**DATA FOR THIS TASK**
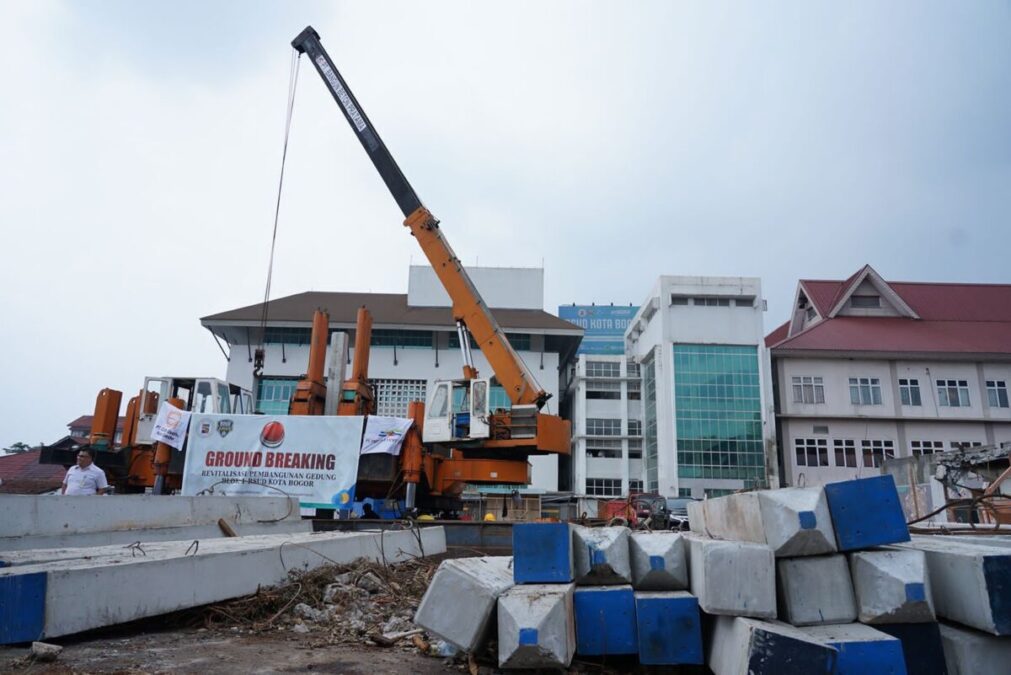 Revitalisasi RSUD, Blok I RSUD, RSUD Kota Bogor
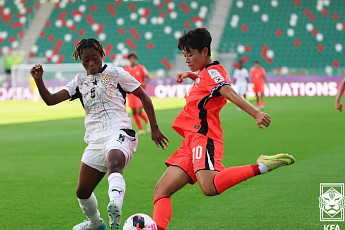 여자축구, U-20 월드컵서 가나에 1-3 패⋯1무 1패로 조 최하위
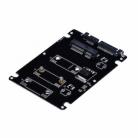 Mini Pcie mSATA SSD to 2.5 SATA3 Adapter card case 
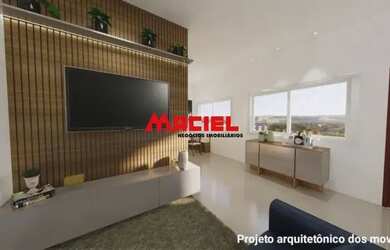 Imagem: A casa possui 3 Dormitórios, 3 Banheiros, 2 Vagas na garagem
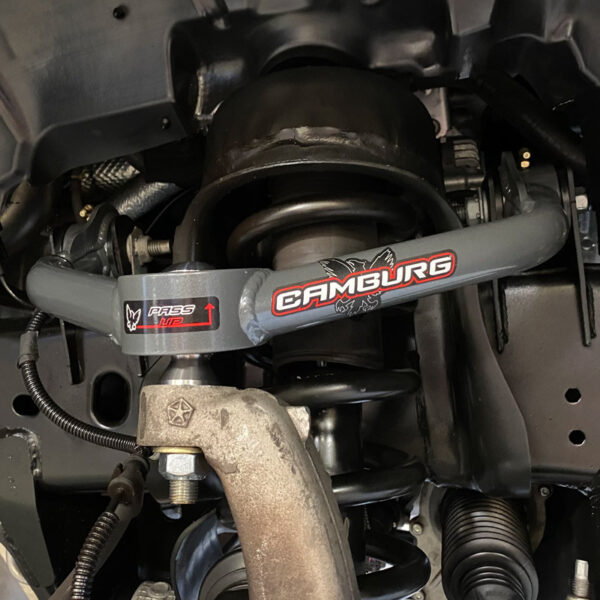 RAM 1500 CLASSIC 09-23 V8 5.7 1.25in Performance Uniball Upper Arms (w/ covers) Camburg - CAM-810001 - Image 4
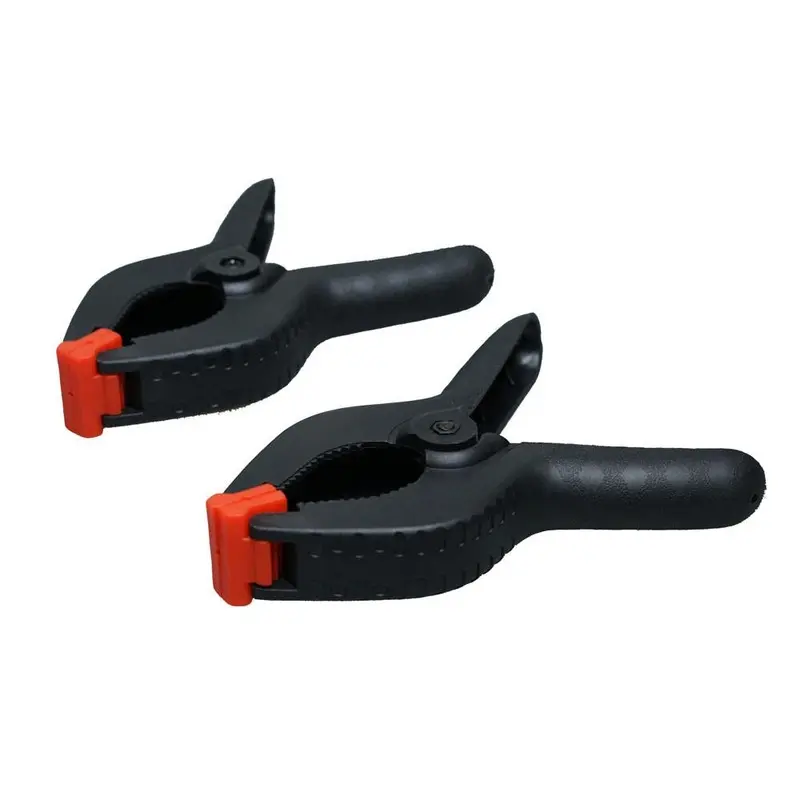 Spectrum Large Backdrop Peg Clamp (16cm) -  2 Pack - Bundle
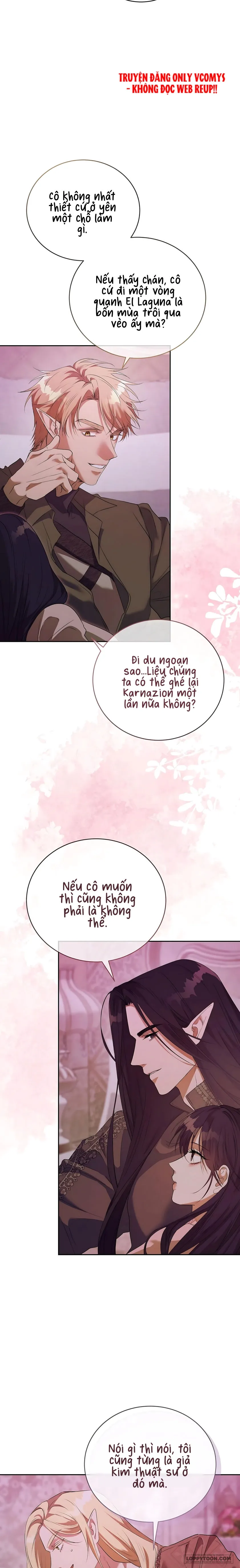 Tại Nơi Ẩn Mình Cuối Cùng Của Sắc Xanh - Chap 51 - Trang 15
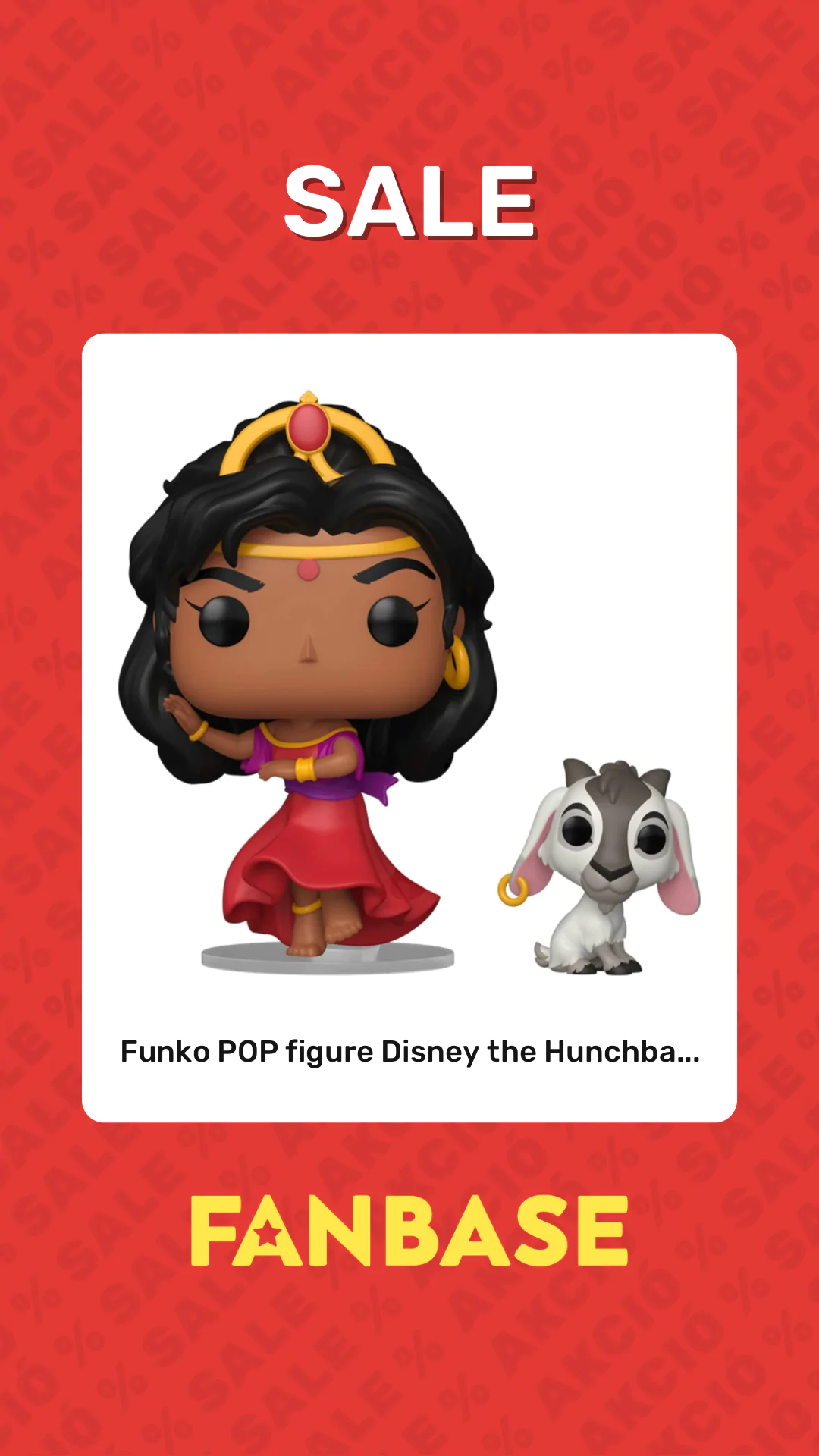 Sale: Funko POP figure Disney the Hunchba...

**WHAT IS BEING ASKED**
Nothing but an exact copy of the data, without its images, should make up your answer.

**RESULT FOR THIS TASK**
 Revitalisasi RSUD, Blok I RSUD, RSUD Kota Bogor
 여자축구, U-20 월드컵서 가나에 1-3 패⋯1무 1패로 조 최하위
 Mini Pcie mSATA SSD to 2.5 SATA3 Adapter card case 
 Imagem: A casa possui 3 Dormitórios, 3 Banheiros, 2 Vagas na garagem
 RAM 1500 CLASSIC 09-23 V8 5.7 1.25in Performance Uniball Upper Arms (w/ covers) Camburg - CAM-810001 - Image 4
 Spectrum Large Backdrop Peg Clamp (16cm) -  2 Pack - Bundle
 Tại Nơi Ẩn Mình Cuối Cùng Của Sắc Xanh - Chap 51 - Trang 15
 Sale: Funko POP figure Disney the Hunchba...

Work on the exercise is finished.